Having picked over the bones of both the Greek and Irish economies, leaving social devastation in their wake, international speculators and rating agencies are turning their attention to other European countries.
The price of Portuguese and Spanish state bonds is being driven up. Yields on Portuguese 10-year government bonds have risen to 7 percent, while the price for bonds in neighbouring Spain has reached its highest level since the mid-1990s.
Soaring rates of interest charged for their official state bonds makes it increasingly difficult for Portugal and Spain to repay their debts and acquire new financing. In the cases of Greece and Ireland both countries eventually yielded to the pressure from the finance markets and accepted massive bail out packages of loans and guarantees tied to the implementation of brutal austerity programmes aimed at wiping out social reforms.
Confronted with this offensive, European governments have done what is demanded of them. In the course of discussions at the end of last week on a 90 billion euro European Union-International Monetary Fund rescue package, Irish Finance Minister Brian Lenihan agreed to an extension of the country’s existing scheme permitting banks to issue sovereign-guaranteed bonds for up to five years. This means that bond holders are freed from the slightest obligation to contribute towards bailing out the banks, ensuring that the full burden of this latest bail out is carried by the taxpayer.
Despite this assurance and the new slate of savage social cuts announced this week by the Irish government, yields on Irish 10-year bonds have risen to new record levels of nearly nine percent. The bond markets are sending a clear signal that the latest measures undertaken by Dublin to prop up its virtually worthless banks are insufficient and that even more drastic social cuts are required.

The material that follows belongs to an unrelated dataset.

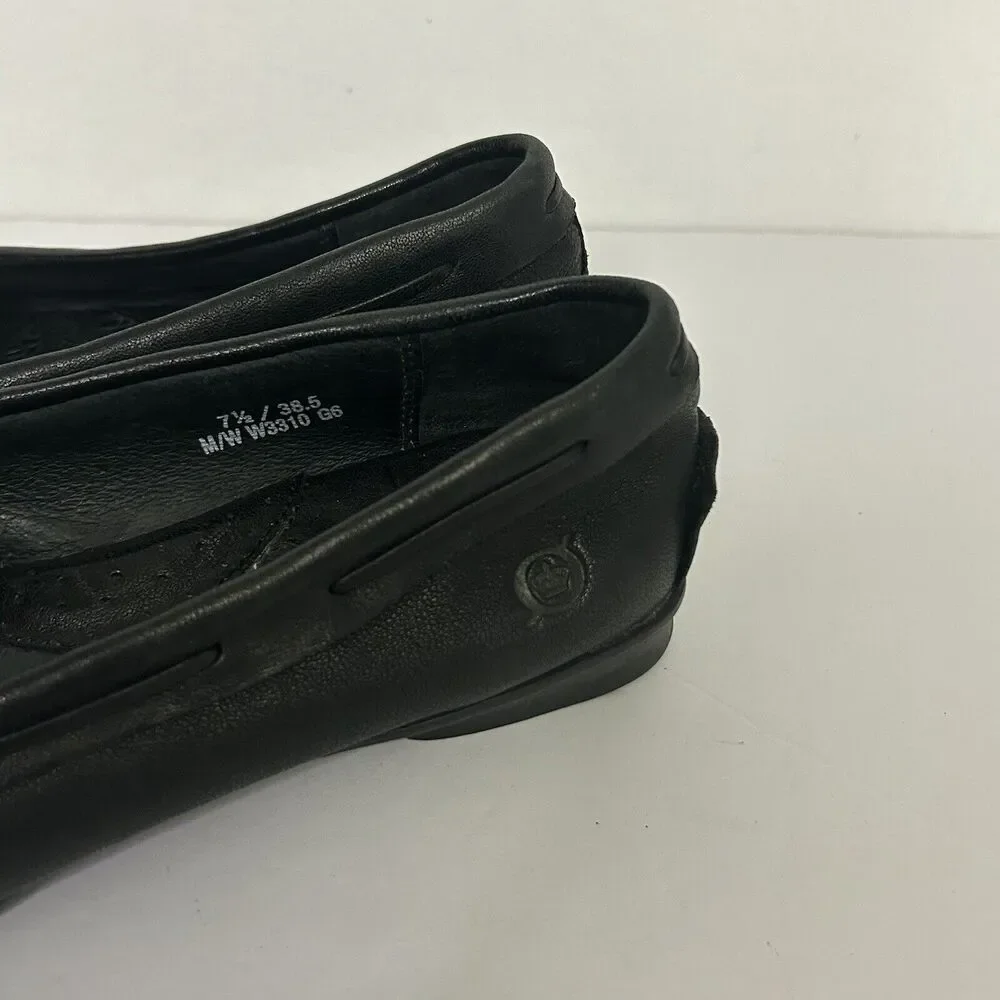 Born Black Leather Penny Loafers Slip On Shoes Flats W3310 - Picture 5 of 8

Describing the current bond market offensive against Spain, the Spanish newspaper Publico titles its report, “Full-scale assault on Spanish debt”. It notes that “the cost of borrowing for the government in Madrid is double what it was a month ago … Now that the euro zone has officially acknowledged that Ireland is a second casualty, speculators are convinced that they can smell blood and large investors are pulling out their money.”

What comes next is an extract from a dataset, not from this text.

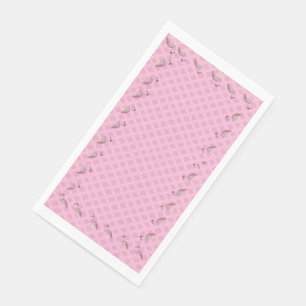 Serviette En Papier Flamant Rose Bébé Flamants Tissage Panier Treillis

The Madrid daily concludes, “Spain is having to face up to very severe punishment. If it stumbles, or if it is unable to service its debt, it could bring down the euro.”
When the bond markets turned on Greece at the start of the year, they demanded that fundamental reforms be undertaken by Athens in order to overcome its high levels of state debt. This small Mediterranean country was considered to be the weakest link in the European chain. Since then the number of weak links identified by the money markets has increased to include some of the continent’s biggest economies. Spain’s economy is the fifth largest in Europe and three times bigger than the combined economies of Greece, Ireland and Portugal.

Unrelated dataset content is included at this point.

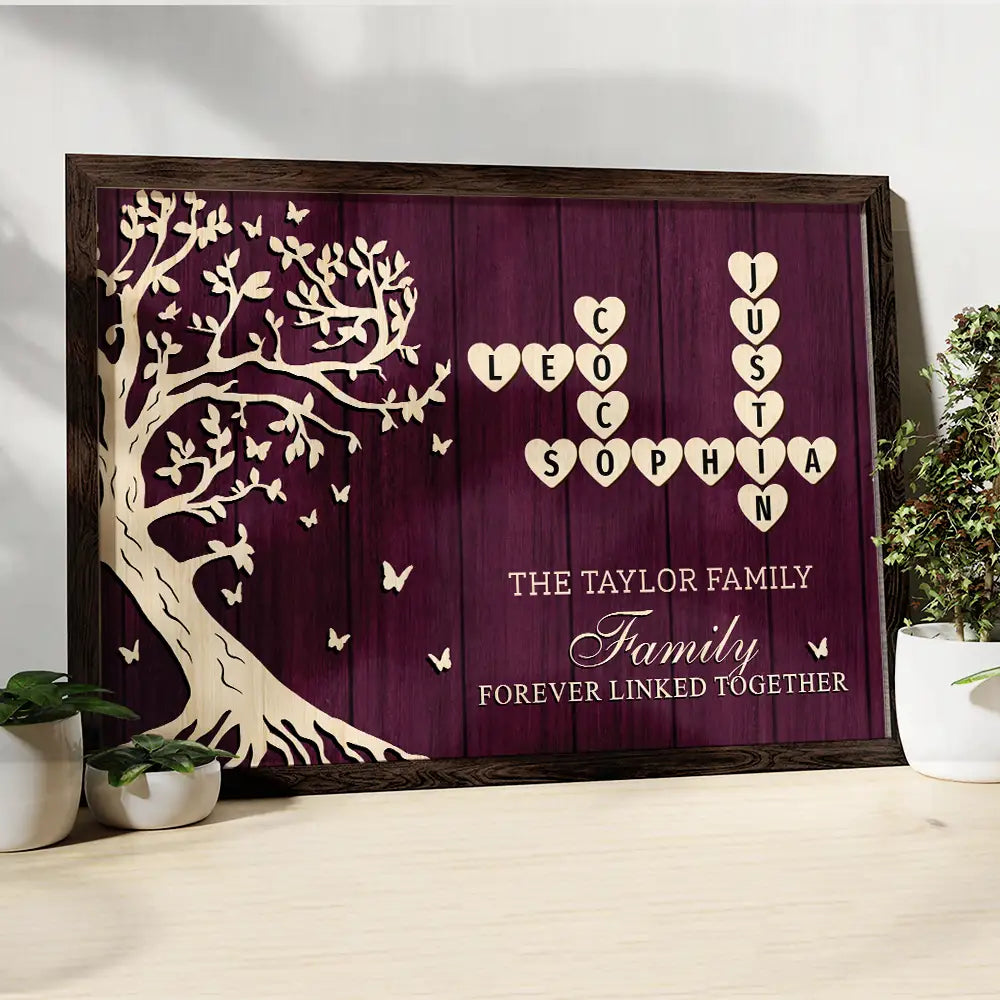 Family, Proud, Crossword - Crossword Tree Of Life Family Is Where The Heart Is - Personalized Poster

There are also major differences between all of the countries singled out for attack by big finance.
Unlike Greece and Portugal, Spain has a relatively low level of state debt. Spain did, however, go through a major property development bubble (like Ireland) and also has the highest rate of unemployment in western Europe. Unlike Ireland the Spanish banking system, based on high levels of capital provision, has so far emerged relatively unscathed from the current crisis.
Despite varying economic problems, the “structural reforms” dictated by the banks to the European Union and the IMF are invariably the same—a mixture of labour deregulation, tax increases for ordinary or middle income wage brackets and increases to consumer basic taxes such as VAT—measures aimed at impoverishing the broad masses of society.
What is taking place is nothing less than a fundamental restructuring of class relations in Europe and worldwide. At the heart of this restructuring is a massive reallocation of social wealth into the vaults of the banks and the pockets of the international finance oligarchy.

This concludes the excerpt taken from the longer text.